Dans la catégorie des albums qui traversent les décennies sans prendre de ride, et qui intrinsèquement ne font que se bonifier avec le temps, on retrouve le Lady in Satin de Billie Holiday, tout simplement l’une des plus grandes chanteuses de jazz de tous les temps. Cet album-testament, qui survient avant son décès l’année suivante en 1959 causé entre autres par une cirrhose et une insuffisance rénale, est miné d’une immense mélancolie déversée sur chaque seconde de l’album. Fatiguée, désespérée, qui a outrageusement dépassé le cadre de la simple dépression, Billie Holiday livre sa plus grande et émouvante œuvre avant de laisser le monde orphelin de son talent.
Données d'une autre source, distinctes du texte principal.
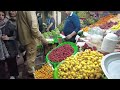 IRAN 2024 🇮🇷 TEHRAN - Walking tour in Tajrish Bazaar - 4K 🇮🇷 ( ایران)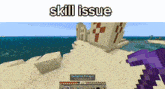 Skill Issue Issues GIF - Skill Issue Skill Issues GIFs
La diva mélange chant et soupirs à travers une voix malade, ravagée par l’alcool, la cigarette, les drogues, les psychotropes, bref toute substance que l’on imagine sans mal ingérer. Toujours hanté par ses vieux démons et son passé plus qu’houleux (Billie Holiday, de son vrai nom Eleanora, a eu une jeunesse désastreuse, s’est faite violer, a séjourné quelques mois en prison, a perdu nombre d’amis et de proches, et a même été jusqu’à se prostituer), elle étale sur Lady in Satin tout ce qu’elle a dans les tripes et sur le cœur, derrière un talent certain au service de complaintes toutes plus belles les unes que les autres.
Des chansons poignantes pour la plupart devenues classiques (« I’m a Fool to Want You » est joué par de nombreux jazz bands) et profondément intimistes qui mettent en avant le thème de l’amour déchu, soutenues par un superbe orchestre dirigé par le grand producteur, arrangeur et conducteur Ray Ellis, et toujours dans la tradition du jazz dit « classique » : la mélancolie et le spleen transparaissent derrière un côté faste et demandent qu’on gratte un peu la chose pour en savourer toutes les fragrances. Notamment au travers des paroles.
Lady in Satin est assurément l’une des plus belles réussites du jazz (vocal) toutes époques confondues, dont la fragilité et l’émotion qui s’en dégagent, notamment par cette voix unique, lui procure un cachet des plus délectables. Un pur chef-d’œuvre du jazz vocal au sens premier du terme à recommander à tout mélomane qui se respecte, ne serait-ce qu’une seule fois dans une vie pour rendre hommage à cette Diva de la Musique.